1. ## failure time

If the probability is 0.001 that a light bulb will fail on any given day,
what is the probability that it will last at least 30 days?

2. there are no new concepts from the other thread you posted.

Can you see that the probability of it surviving 2 days is
0.999 * 0.999

And for 3 days its
0.999 * 0. 999 * 0.999

Can you generalise this to 30 days?

3. Originally Posted by ilikec
If the probability is 0.001 that a light bulb will fail on any given day,
what is the probability that it will last at least 30 days?
Pr(at least 30 days) = Pr(30 days) + Pr(31 days) + Pr(32 days) + ..... where:

Pr(30 days) = (0.999^30)(0.001) (why?)

Pr(31 days) = (0.999^31)(0.001) (why?)

etc.

You now have an infinite geometric series, and the formula for finding such a sum is well known.

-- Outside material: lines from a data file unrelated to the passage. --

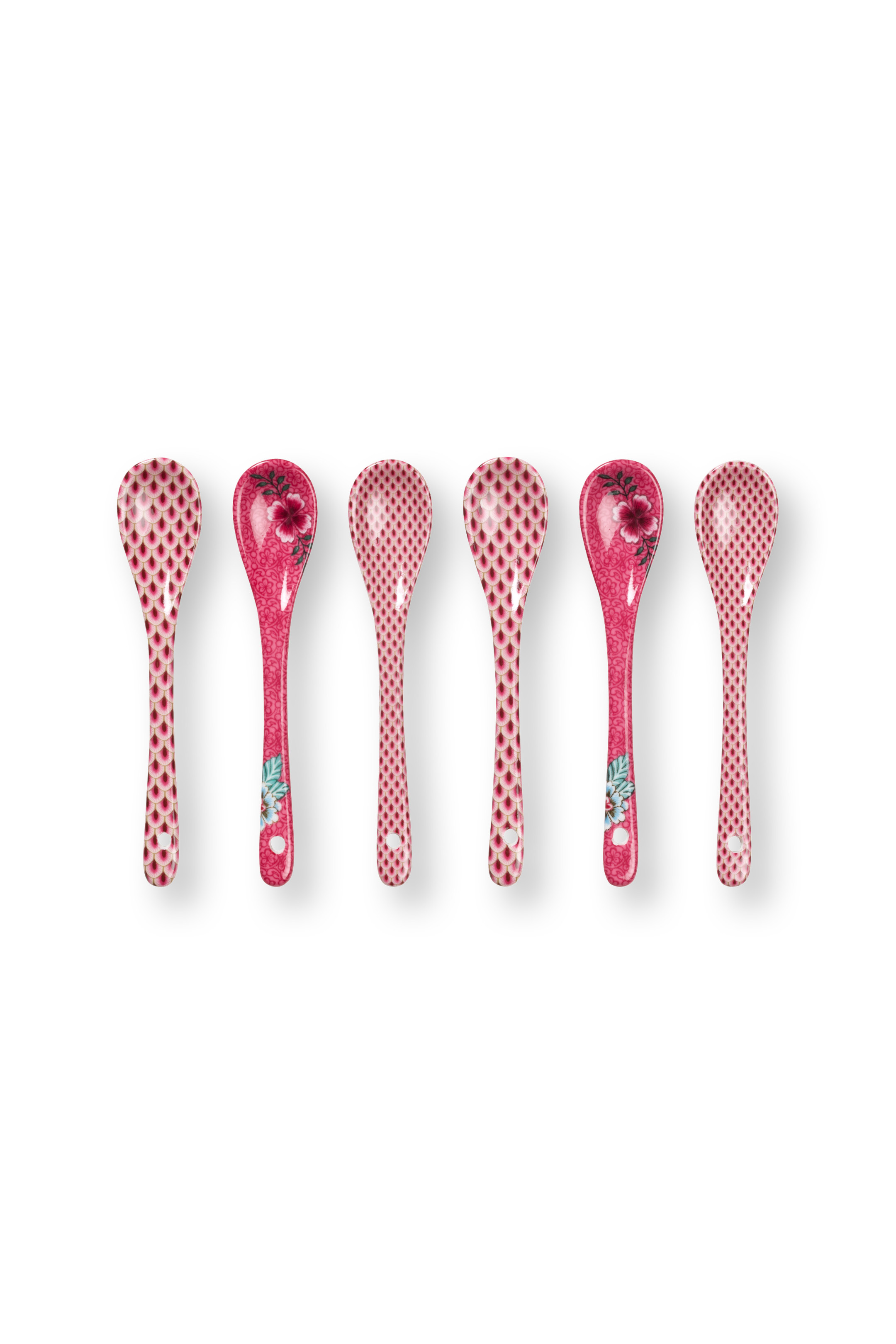 Pip Studio Flower Festival Oriental sada 6 kusů porcelánových lžiček 13cm, růžová
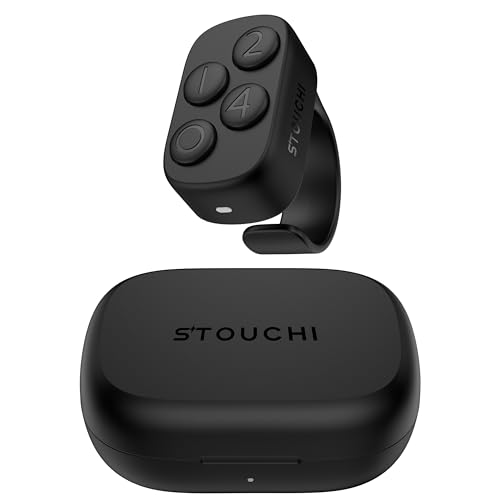 Stouchi Anki - Controlo remoto com anel de dedo com Bluetooth, controlo remoto para Anki com estojo de carregamento de 140 H, compatível com Windows, Mac, iPad, iOS, dispositivos Android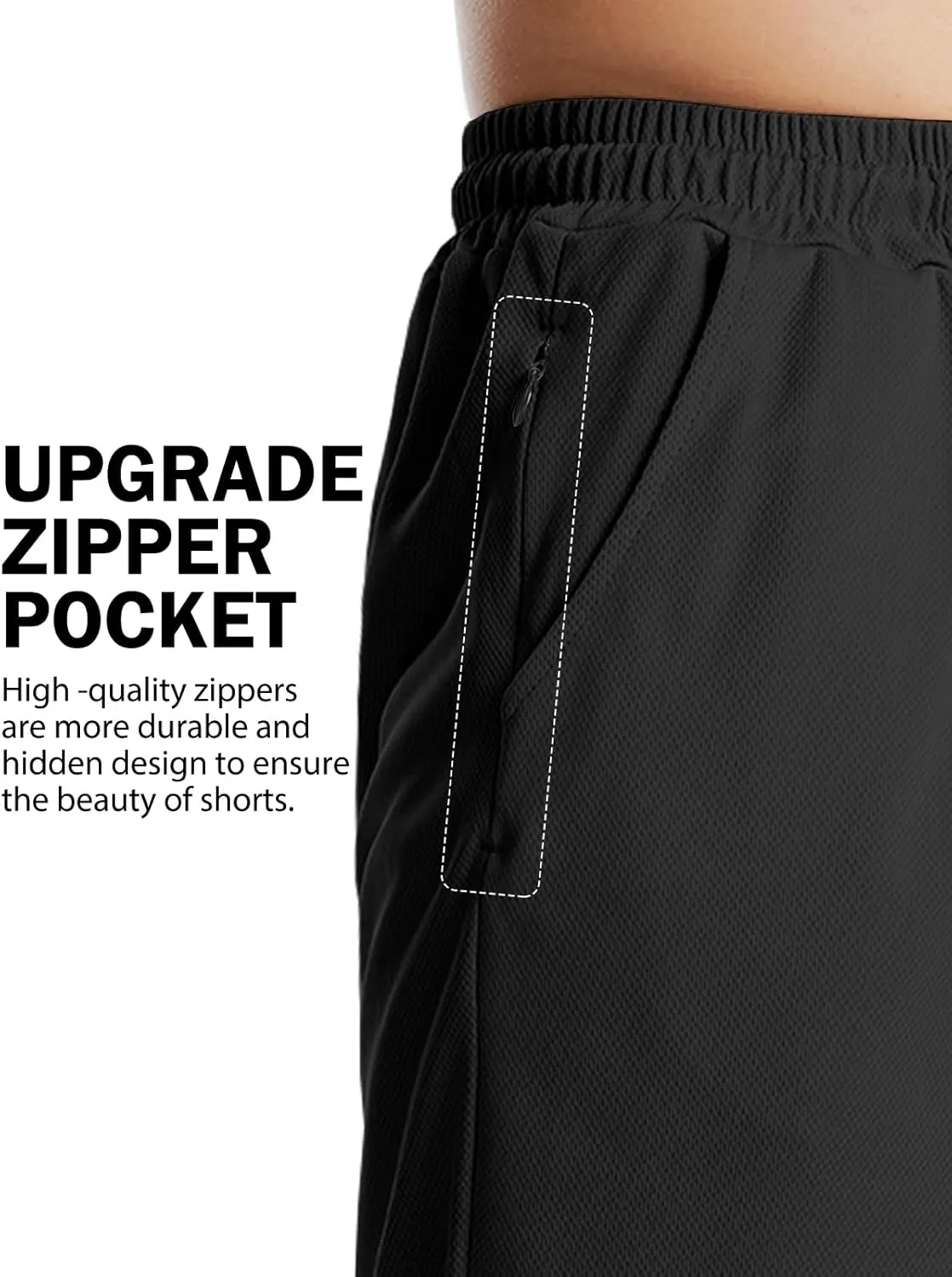 Aolesy Men's Basketball Shorts 7"/9" Athletic Gym Shorts with Zip Pockets Lightweigh Quick Dry Mesh Workout Shorts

4. Originally Posted by mr fantastic
Pr(at least 30 days) = Pr(30 days) + Pr(31 days) + Pr(32 days) + ..... where:

Pr(30 days) = (0.999^30)(0.001) (why?)

Pr(31 days) = (0.999^31)(0.001) (why?)

etc.

You now have an infinite geometric series, and the formula for finding such a sum is well known.
The answer just comes out to $\displaystyle 0.999^{30}$, the same as by using SpringFan25's reasoning.